Ein Beitrag von Gisela Brackert, Journalistin und Autorin im Ruhestand, evangelisch, Frankfurt

„Ich danke Gott und freue mich /Wie’s Kind zur Weihnachtsgabe/ Dass ich bin bin! / Und dass ich dich/ Schön menschlich Antlitz habe.“ In diesen wenigen Zeilen haben wir ihn schon, den ganzen Matthias Claudius. Haben wir das Unverwechselbare, das diesem Poeten eigen ist und das bis heute provoziert: er konnte sich von Herzen freuen über Dinge, die anderen kaum einer Erwähnung wert sind.

Man hat ihn naiv genannt, einfältig, fromm und gottergeben. Und fromm, im Sinne einer unangefochtenen Herzensfrömmigkeit, das war er sicher. Aber naiv? Kann ein solcher Naivling mit literarischen Größen seiner Zeit befreundet sein? Mit Herder, mit Klopstock, mit Lessing? Kann ein Einfaltspinsel Gedichte schreiben, die bis heute zu den literarischen Schätzen zählen und nicht nur in Büchern überlebten, sondern als Lieder tief im kollektiven Gedächtnis verwurzelt sind: Das Märzenlied „Wir pflügen und wir streuen“, das Abendlied „Der Mond ist aufgegangen“, oder auch „Der Tod und das Mädchen“, das vor allem in der Schubert-Vertonung unsterblich wurde.

Nein, indem man ihn platt bügelt, wird man diesem Mann nicht gerecht. Matthias Claudius entstammte einer alten schleswig-holsteinischen Pfarrerdynastie und wurde 1740 als Sohn eines Pfarrers in Reinbeck geboren. Er besuchte die Lateinschule in Plön, ging zum Studium nach Jena. Versuchte es dort ebenfalls mit Theologie, fand sich von der akademischen „Gottesgelahrtheit“ jedoch wenig angesprochen und wechselte zur Jurisprudenz. Nach drei Jahren verließ er die Universität. Ein Abschluss lässt sich nicht nachweisen.

In den folgenden Jahren versuchte er, im Journalismus Fuß zu fassen, in bescheidenen, schlecht bezahlten Positionen.
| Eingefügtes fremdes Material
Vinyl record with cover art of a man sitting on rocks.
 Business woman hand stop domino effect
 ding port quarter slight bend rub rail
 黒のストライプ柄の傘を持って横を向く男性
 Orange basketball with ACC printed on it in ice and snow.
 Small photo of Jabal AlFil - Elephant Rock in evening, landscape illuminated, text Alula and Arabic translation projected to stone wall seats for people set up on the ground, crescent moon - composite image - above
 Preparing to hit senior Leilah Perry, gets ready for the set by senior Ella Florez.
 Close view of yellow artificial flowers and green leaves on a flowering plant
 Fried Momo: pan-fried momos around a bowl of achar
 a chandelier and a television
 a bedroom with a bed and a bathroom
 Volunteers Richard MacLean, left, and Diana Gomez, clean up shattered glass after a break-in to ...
Zunächst bei einer Hamburger Zeitung für die Geschäftswelt, dann ab 1771 als einziger Redakteur einer neu gegründeten Zeitschrift mit dem Titel „Der Wandsbecker Bothe“. Dieses mehrmals wöchentlich ausgelieferte Blättchen mit politischen Nachrichten und einem unkonventionellen Feuilleton hat sich für immer mit dem Namen Matthias Claudius verbunden, obwohl die Ehe zwischen dem Blatt und seinem einzigen Redakteur nur vier Jahre dauerte.

Ganz im Gegensatz zu Claudius eigener Ehe mit der Wandsbecker Zimmermannstochter Rebecca Behn, der großen Liebe seines Lebens, der Mutter seiner zwölf Kinder.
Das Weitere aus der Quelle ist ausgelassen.